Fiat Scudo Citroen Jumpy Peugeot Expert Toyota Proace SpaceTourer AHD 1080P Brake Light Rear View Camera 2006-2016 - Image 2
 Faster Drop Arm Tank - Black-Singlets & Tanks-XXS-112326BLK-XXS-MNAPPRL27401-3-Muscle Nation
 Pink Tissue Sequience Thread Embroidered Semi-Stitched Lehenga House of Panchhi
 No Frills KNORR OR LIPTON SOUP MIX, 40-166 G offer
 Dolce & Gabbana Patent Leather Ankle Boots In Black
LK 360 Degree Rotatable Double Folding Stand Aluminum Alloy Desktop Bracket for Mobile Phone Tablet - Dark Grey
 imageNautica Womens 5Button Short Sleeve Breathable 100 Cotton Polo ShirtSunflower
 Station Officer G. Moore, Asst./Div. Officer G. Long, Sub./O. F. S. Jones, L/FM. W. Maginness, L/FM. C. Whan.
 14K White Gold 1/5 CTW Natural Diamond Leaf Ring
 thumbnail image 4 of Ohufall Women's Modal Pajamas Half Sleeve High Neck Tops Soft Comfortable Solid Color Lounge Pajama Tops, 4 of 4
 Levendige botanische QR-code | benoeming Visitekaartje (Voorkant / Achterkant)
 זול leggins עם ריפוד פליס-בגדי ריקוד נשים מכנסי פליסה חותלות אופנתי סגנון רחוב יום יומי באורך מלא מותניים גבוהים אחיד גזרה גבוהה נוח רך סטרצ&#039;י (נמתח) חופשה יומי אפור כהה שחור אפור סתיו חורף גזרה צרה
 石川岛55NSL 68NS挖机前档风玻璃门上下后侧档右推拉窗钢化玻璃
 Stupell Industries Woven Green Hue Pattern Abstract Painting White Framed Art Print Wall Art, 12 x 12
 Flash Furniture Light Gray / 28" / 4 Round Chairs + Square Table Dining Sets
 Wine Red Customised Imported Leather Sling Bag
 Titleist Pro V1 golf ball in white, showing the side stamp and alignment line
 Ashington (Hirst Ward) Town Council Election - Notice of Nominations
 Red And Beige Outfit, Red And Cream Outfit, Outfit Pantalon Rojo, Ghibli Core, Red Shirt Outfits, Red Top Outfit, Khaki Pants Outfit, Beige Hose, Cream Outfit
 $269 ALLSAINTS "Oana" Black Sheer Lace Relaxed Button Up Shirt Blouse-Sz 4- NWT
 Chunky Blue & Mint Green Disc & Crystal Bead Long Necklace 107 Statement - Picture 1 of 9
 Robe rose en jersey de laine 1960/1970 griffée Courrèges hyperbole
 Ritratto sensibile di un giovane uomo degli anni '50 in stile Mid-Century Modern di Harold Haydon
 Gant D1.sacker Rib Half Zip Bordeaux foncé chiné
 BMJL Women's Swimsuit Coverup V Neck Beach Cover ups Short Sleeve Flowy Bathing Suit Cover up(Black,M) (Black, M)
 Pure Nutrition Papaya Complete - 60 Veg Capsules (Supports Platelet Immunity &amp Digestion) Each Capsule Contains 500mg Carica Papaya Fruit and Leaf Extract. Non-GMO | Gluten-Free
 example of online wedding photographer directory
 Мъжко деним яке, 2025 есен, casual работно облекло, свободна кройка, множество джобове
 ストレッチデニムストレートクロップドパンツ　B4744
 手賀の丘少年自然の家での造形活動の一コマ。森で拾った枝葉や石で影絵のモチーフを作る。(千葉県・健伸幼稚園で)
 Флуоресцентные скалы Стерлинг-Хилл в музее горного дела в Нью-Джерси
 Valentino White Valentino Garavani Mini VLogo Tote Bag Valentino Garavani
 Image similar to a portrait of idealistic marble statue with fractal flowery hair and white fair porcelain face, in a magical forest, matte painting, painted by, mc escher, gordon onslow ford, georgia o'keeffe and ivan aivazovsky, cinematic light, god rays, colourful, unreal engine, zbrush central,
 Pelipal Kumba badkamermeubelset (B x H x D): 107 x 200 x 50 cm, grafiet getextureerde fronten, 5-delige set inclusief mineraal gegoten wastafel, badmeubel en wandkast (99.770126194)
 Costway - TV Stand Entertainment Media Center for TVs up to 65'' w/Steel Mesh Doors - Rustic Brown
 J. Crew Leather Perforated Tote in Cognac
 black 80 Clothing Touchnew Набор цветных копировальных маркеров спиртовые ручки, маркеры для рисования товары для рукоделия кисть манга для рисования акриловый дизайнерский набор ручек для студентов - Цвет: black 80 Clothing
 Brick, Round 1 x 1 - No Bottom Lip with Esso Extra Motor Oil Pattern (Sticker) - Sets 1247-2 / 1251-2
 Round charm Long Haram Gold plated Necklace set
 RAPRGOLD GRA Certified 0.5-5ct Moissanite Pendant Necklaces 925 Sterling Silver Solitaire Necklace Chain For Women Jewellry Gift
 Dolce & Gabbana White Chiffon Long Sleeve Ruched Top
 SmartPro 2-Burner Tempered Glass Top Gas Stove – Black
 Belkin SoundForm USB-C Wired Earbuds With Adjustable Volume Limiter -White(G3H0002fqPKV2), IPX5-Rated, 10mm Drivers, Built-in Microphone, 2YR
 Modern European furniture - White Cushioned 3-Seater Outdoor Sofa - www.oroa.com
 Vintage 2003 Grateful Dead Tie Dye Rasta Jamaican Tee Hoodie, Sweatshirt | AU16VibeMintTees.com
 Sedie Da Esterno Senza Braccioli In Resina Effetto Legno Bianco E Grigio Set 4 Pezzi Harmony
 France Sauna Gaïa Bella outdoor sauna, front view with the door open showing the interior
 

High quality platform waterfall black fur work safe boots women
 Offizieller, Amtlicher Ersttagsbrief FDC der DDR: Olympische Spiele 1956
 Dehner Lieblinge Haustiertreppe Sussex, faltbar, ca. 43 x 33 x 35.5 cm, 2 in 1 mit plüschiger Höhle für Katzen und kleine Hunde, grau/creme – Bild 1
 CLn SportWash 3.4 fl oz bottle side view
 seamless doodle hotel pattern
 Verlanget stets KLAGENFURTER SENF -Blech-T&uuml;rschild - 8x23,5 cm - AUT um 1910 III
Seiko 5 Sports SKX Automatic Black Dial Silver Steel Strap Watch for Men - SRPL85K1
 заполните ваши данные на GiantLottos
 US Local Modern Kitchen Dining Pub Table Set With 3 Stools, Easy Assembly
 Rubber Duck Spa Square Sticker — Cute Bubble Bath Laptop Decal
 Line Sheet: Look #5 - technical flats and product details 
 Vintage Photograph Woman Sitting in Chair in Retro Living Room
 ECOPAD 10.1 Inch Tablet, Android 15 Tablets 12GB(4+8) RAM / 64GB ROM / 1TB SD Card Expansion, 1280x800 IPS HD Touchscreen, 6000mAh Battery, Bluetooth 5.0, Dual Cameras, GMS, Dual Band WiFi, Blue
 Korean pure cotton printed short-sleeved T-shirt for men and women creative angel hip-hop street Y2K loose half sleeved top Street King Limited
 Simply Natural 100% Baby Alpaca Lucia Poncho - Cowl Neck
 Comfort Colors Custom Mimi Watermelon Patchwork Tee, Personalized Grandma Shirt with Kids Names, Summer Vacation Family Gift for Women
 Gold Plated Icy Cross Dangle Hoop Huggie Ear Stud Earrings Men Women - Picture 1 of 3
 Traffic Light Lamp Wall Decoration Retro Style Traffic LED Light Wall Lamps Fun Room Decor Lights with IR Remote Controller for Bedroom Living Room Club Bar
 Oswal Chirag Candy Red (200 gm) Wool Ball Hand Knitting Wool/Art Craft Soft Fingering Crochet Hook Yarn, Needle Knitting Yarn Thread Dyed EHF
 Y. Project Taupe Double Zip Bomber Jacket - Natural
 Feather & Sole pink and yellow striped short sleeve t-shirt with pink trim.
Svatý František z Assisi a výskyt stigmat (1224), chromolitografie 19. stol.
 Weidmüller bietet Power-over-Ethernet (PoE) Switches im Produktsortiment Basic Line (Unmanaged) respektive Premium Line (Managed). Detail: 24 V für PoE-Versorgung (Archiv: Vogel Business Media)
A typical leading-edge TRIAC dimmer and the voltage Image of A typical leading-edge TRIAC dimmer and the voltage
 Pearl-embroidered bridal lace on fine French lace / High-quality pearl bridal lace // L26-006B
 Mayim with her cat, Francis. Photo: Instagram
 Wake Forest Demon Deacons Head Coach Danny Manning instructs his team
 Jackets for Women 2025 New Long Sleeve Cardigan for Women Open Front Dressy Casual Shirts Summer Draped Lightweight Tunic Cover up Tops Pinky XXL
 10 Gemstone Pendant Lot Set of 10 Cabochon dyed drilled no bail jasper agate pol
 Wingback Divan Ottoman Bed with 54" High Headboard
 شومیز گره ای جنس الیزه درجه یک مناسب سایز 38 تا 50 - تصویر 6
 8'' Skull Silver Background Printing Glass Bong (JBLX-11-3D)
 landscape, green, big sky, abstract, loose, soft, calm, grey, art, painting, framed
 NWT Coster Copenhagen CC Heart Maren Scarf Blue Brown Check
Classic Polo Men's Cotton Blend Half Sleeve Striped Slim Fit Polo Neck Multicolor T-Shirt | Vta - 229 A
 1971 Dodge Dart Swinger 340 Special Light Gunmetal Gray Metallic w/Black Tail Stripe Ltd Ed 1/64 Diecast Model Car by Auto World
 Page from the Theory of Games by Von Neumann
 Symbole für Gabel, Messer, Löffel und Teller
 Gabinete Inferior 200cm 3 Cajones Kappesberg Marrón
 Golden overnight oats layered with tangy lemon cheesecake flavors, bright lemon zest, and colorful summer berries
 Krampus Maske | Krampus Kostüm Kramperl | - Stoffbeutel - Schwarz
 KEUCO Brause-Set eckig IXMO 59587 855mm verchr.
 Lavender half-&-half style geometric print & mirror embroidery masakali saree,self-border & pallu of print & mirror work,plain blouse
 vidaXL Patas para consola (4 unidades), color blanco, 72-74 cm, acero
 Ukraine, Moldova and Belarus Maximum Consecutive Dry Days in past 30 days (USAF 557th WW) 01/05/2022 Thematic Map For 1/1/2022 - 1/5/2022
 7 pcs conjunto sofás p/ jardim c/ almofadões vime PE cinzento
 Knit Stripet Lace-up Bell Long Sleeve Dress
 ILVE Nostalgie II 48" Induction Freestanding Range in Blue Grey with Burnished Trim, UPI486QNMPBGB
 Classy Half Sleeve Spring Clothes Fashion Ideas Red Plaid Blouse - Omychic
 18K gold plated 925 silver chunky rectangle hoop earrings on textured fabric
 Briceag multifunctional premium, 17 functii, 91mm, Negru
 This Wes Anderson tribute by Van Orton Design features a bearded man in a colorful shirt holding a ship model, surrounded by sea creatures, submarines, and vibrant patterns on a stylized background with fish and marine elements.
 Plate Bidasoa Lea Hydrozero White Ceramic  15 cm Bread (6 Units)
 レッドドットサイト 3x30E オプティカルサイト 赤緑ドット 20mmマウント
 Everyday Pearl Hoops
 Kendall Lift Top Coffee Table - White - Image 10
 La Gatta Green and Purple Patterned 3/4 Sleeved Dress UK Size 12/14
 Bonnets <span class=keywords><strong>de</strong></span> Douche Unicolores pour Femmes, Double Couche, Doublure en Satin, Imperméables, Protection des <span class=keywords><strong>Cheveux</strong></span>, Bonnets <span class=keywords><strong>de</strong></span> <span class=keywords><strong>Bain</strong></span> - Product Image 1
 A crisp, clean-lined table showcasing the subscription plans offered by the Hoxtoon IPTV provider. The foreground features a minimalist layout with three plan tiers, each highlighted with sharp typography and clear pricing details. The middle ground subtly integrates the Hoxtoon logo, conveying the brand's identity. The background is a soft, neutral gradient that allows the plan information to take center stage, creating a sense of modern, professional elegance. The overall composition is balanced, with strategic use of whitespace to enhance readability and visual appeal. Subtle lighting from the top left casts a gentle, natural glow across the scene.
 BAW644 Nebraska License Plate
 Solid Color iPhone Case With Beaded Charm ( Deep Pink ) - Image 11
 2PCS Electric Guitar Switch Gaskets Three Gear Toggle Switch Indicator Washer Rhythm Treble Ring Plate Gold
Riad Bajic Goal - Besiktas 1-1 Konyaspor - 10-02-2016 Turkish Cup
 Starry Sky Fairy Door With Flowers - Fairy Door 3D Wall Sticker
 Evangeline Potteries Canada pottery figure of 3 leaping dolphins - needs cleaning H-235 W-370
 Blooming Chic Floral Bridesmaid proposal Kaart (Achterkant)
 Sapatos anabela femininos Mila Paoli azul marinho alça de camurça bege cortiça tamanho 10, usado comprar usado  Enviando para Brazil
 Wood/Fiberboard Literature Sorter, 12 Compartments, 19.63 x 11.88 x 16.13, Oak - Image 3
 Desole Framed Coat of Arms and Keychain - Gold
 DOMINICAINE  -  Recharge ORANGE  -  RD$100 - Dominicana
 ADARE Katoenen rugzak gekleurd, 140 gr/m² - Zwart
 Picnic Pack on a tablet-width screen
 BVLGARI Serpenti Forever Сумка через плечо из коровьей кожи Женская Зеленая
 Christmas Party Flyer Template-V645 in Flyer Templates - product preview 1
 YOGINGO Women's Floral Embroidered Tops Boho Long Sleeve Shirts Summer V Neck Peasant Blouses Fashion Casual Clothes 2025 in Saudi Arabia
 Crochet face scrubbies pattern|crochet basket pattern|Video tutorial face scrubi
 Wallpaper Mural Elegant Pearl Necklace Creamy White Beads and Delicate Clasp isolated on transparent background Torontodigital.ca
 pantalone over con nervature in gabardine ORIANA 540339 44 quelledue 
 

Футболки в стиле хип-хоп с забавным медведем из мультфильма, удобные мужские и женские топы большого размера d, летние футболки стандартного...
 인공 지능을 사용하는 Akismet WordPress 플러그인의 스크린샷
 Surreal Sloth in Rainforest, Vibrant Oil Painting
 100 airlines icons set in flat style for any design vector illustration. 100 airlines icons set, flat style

§ **PROBLEM STATEMENT**: Respond with the number of lines in the listing above that include the word "Leaf", and with nothing more.

§ **RESPONSE FOR THIS EXERCISE**: 2